■ **DESCRIPTION OF THE TASK**: Your task is to give the listing below back word for word, pictures excluded.

■ **GIVEN DATA**:
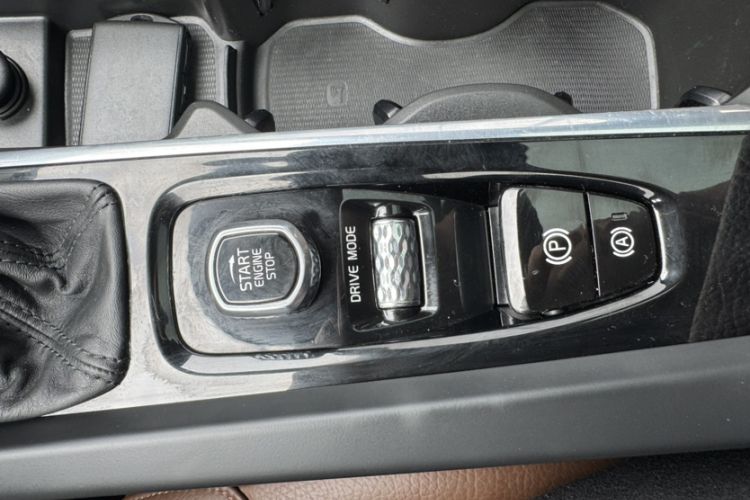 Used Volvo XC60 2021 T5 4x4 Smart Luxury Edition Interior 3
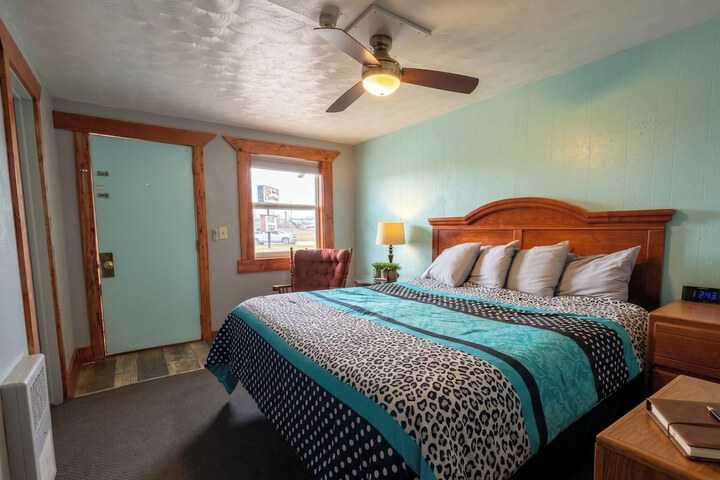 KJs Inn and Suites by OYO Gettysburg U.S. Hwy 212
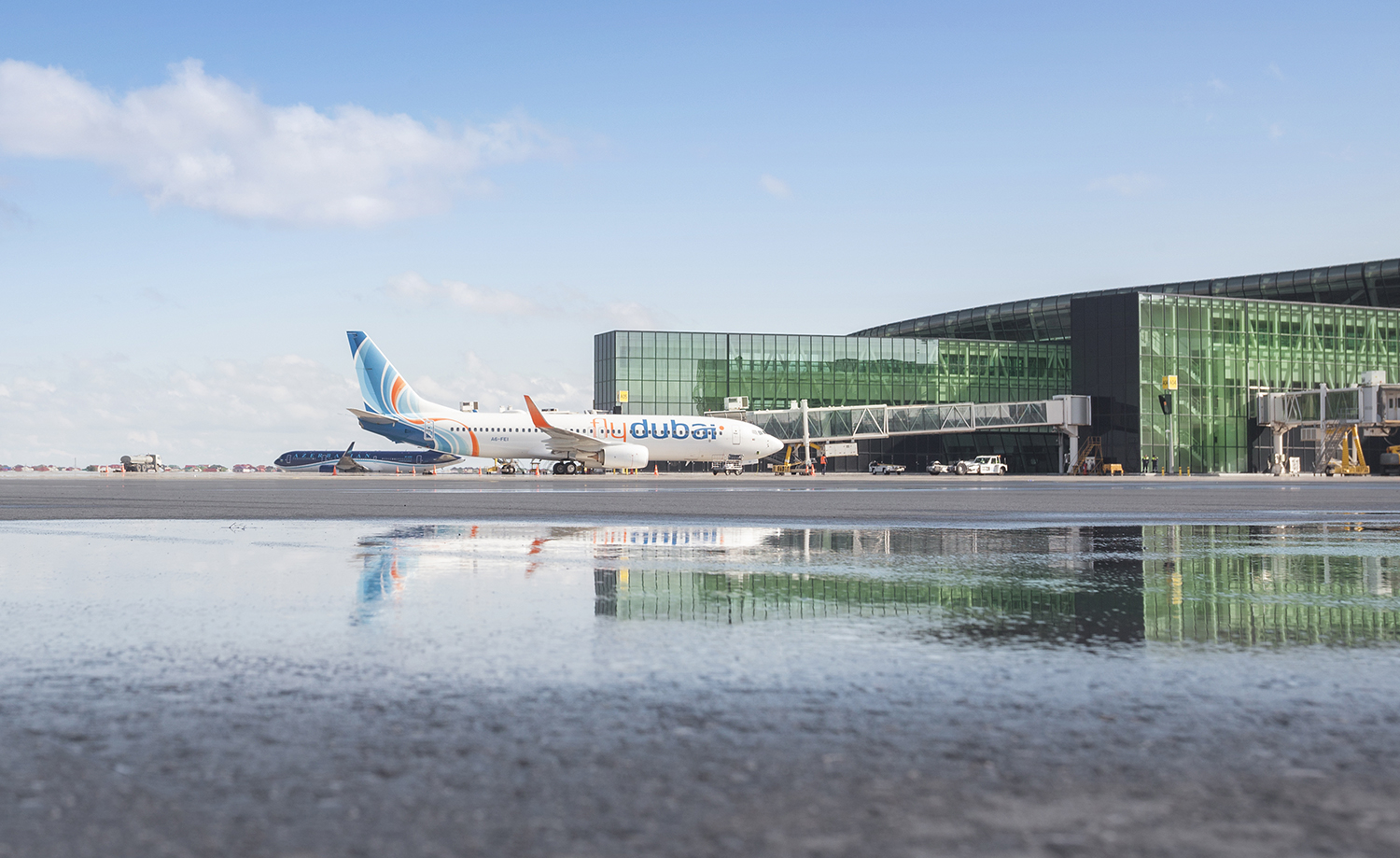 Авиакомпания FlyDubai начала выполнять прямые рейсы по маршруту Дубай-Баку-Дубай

■ **RESULT OF THIS EXERCISE**:
 Used Volvo XC60 2021 T5 4x4 Smart Luxury Edition Interior 3
 KJs Inn and Suites by OYO Gettysburg U.S. Hwy 212
 Авиакомпания FlyDubai начала выполнять прямые рейсы по маршруту Дубай-Баку-Дубай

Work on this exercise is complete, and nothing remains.